-------- Task input
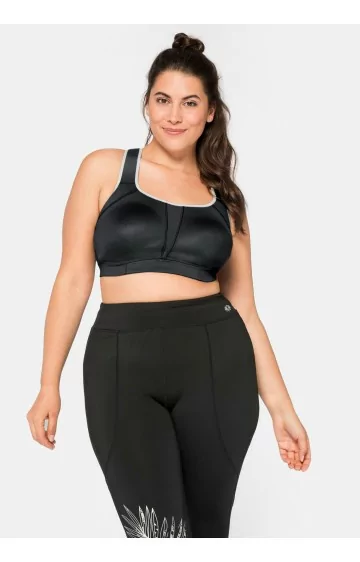 Sheego COOLMAX® sporta krūšturis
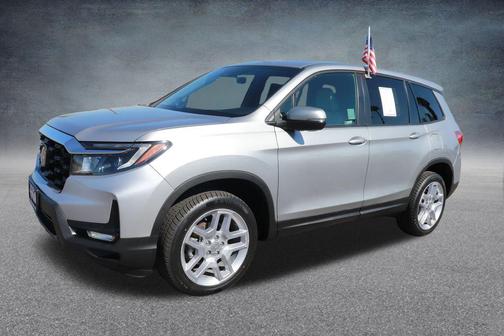 2024 Honda Passport AWD EX-L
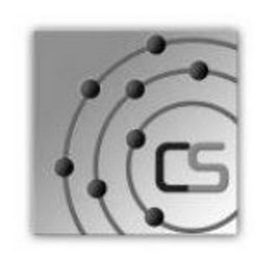 CS logo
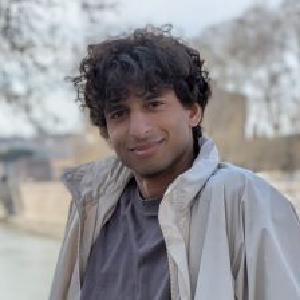 I.A. (Isaak) Mengesha MSc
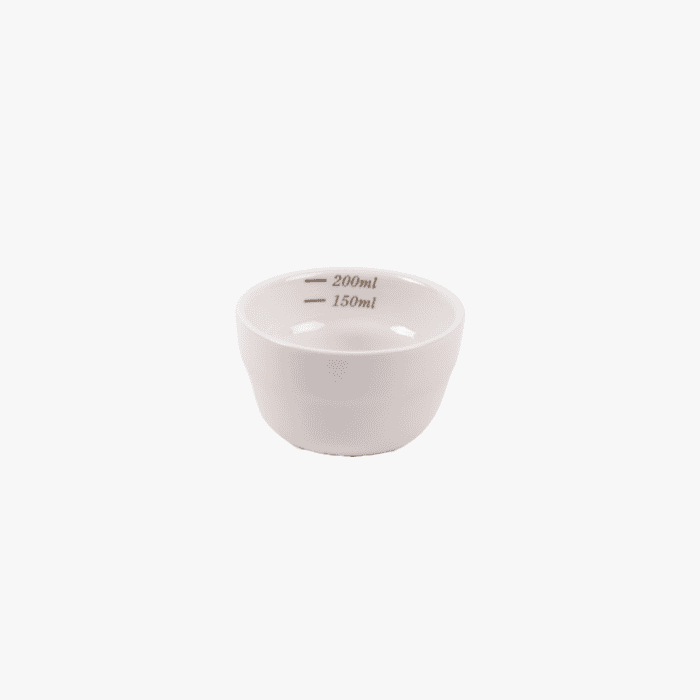 Budan Cupping Bowl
----------------
◆ Task instructions: Print every entry above again, exactly as written. Leave the images out.

◆ Response area:
 Sheego COOLMAX® sporta krūšturis
 2024 Honda Passport AWD EX-L
 CS logo
 I.A. (Isaak) Mengesha MSc
 Budan Cupping Bowl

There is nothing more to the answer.